There was nothing to be done about it. Aunt Nora showed up at the house her sister had left the children just as Mary Lynne gasped, checked her wristwatch, gasped again and reached for her ready-packed bag.

"Hello, Aunt Nora," said Alden distractedly. "Mary Lynne, aren't you ready yet? Good-by, Aunt Nora. Make yourself at home."

"Wait!" cried Aunt Nora, but she was talking to a closed door. She sighed, shook her head irritably and took off her coat. Men were so foolish about babies! There would be plenty of time; she would unpack her bag, get settled in, and then, with full leisure, proceed to the hospital. And she was willing to bet that she would be there well before the baby arrived.

She was right-though what she found in the upper bureau drawer of her room made her hurry to the hospital sooner than she'd planned.

"Alden!" she gasped. "The picture! I saw the picture-"

"Hello, Aunt Nora," said Edkin gloomily. "Lord, but this takes a long time!"

"It just seems long," snapped Nora and waved a picture under his nose. It was inscribed in white ink: For Mary Lynne, from Jimmy, with love. "Who's this?"

Edkin said guiltily, "Mary's-ah-husband. He's away just now."

"I bet he is! That's not any Jimmy! That's Sam!"

"Sam?"

"My Sam. The one who left me in a delicate condition years ago! And the only difference is, now he marries them!"

Alden, hardly listening, said soothingly, "That was a long time ago, Aunt Nora. We don't worry about it now.

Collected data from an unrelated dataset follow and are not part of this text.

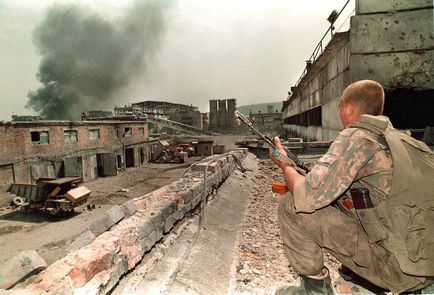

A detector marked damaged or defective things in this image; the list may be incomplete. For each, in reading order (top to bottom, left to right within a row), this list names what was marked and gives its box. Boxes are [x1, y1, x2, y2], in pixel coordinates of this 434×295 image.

damaged building [282, 0, 434, 142]
damaged building [0, 119, 149, 185]
abandoned truck [7, 177, 90, 216]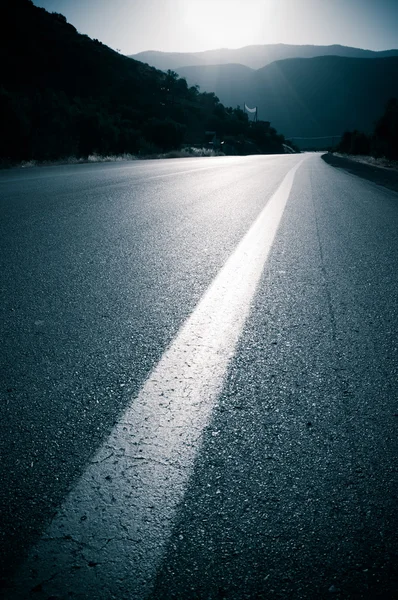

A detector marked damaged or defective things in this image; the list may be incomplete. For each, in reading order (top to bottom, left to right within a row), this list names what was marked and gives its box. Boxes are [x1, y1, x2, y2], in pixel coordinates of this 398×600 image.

cracked asphalt [0, 154, 398, 596]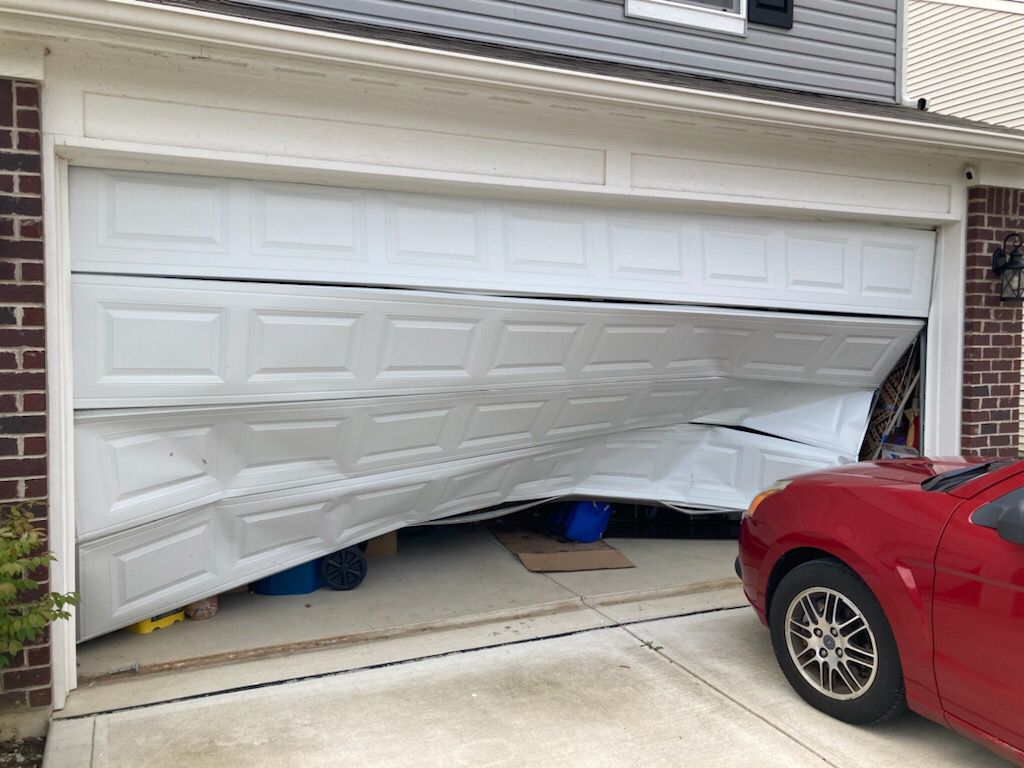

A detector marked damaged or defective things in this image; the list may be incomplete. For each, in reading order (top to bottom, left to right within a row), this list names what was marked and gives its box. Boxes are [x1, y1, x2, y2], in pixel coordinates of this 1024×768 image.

crumpled door section [72, 276, 920, 640]
damaged garage door [68, 170, 932, 640]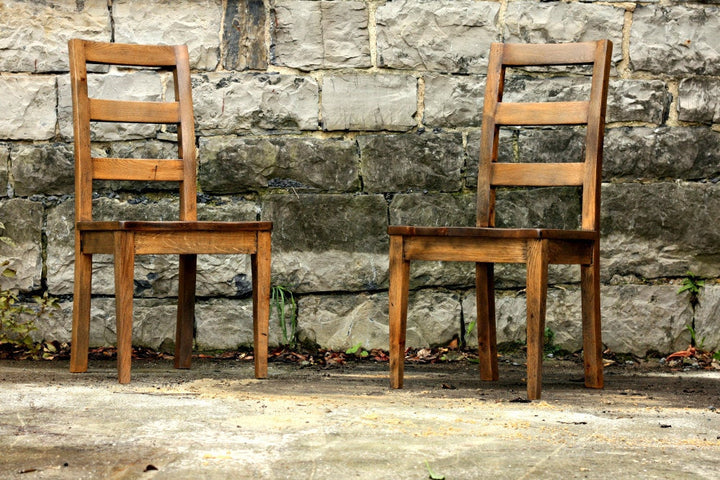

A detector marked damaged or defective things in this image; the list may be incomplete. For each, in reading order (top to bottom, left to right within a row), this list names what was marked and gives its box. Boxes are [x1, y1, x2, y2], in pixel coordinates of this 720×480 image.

cracked concrete floor [1, 358, 720, 478]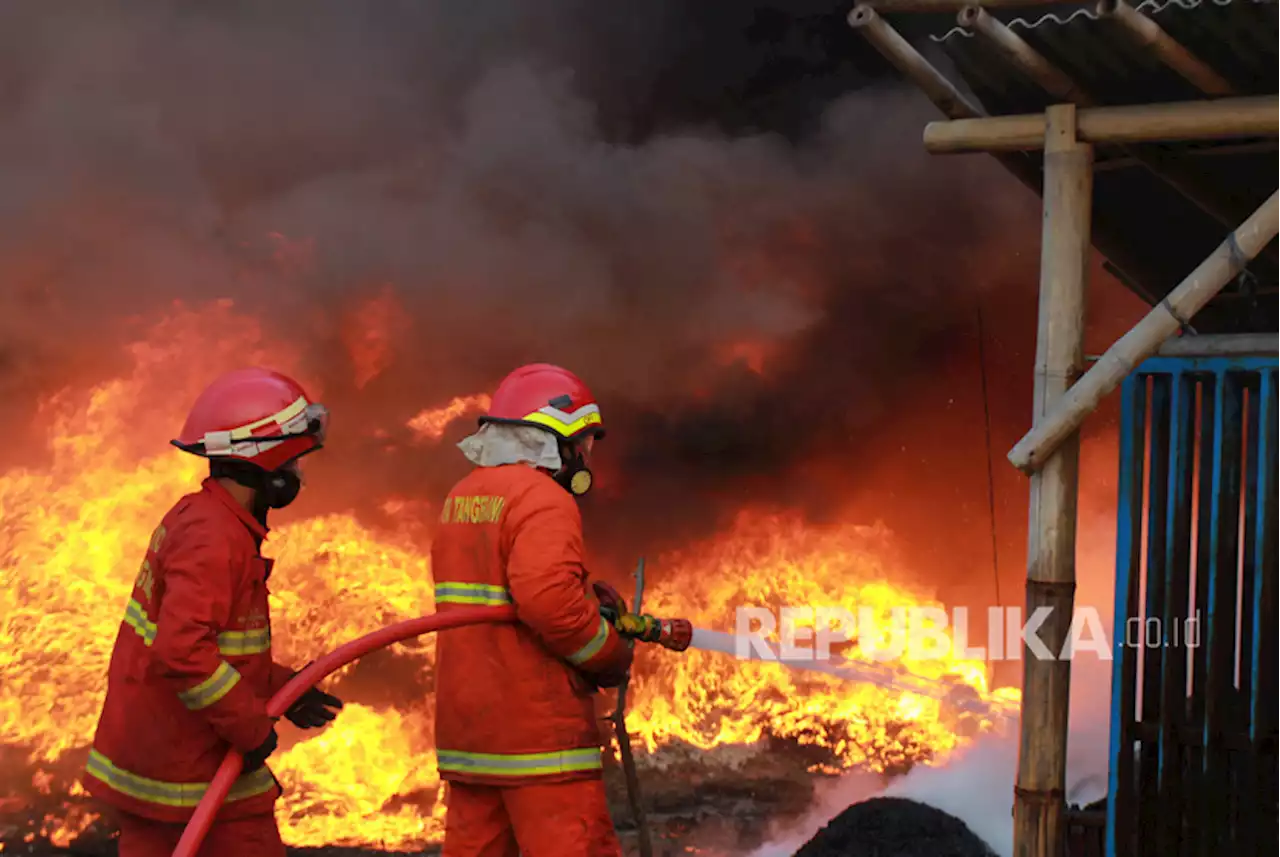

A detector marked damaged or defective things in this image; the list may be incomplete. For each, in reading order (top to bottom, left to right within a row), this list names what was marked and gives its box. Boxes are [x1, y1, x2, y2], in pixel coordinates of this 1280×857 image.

Besides, you gave the baby up for adoption, didn't you? I never even saw him-or her? What was it, a boy?"

She said shortly, "No."

"A girl, then."

"Guess again," said Aunt Nora in a more peculiar tone. "And it wasn't exactly adoption."

Her tone was peculiar enough to attract his full attention. He looked at her queerly, but she didn't seem to be joking. Funny. He didn't have the faintest idea of what she meant- Until an endless twenty minutes later.

Until the white-faced nurse came out of the delivery room wheeling a bassinet; until, without a word, the nurse pointed a shaking finger, and Edkin saw what it was that his sister had-with the help of what called itself James Croy-brought into an unsuspecting world.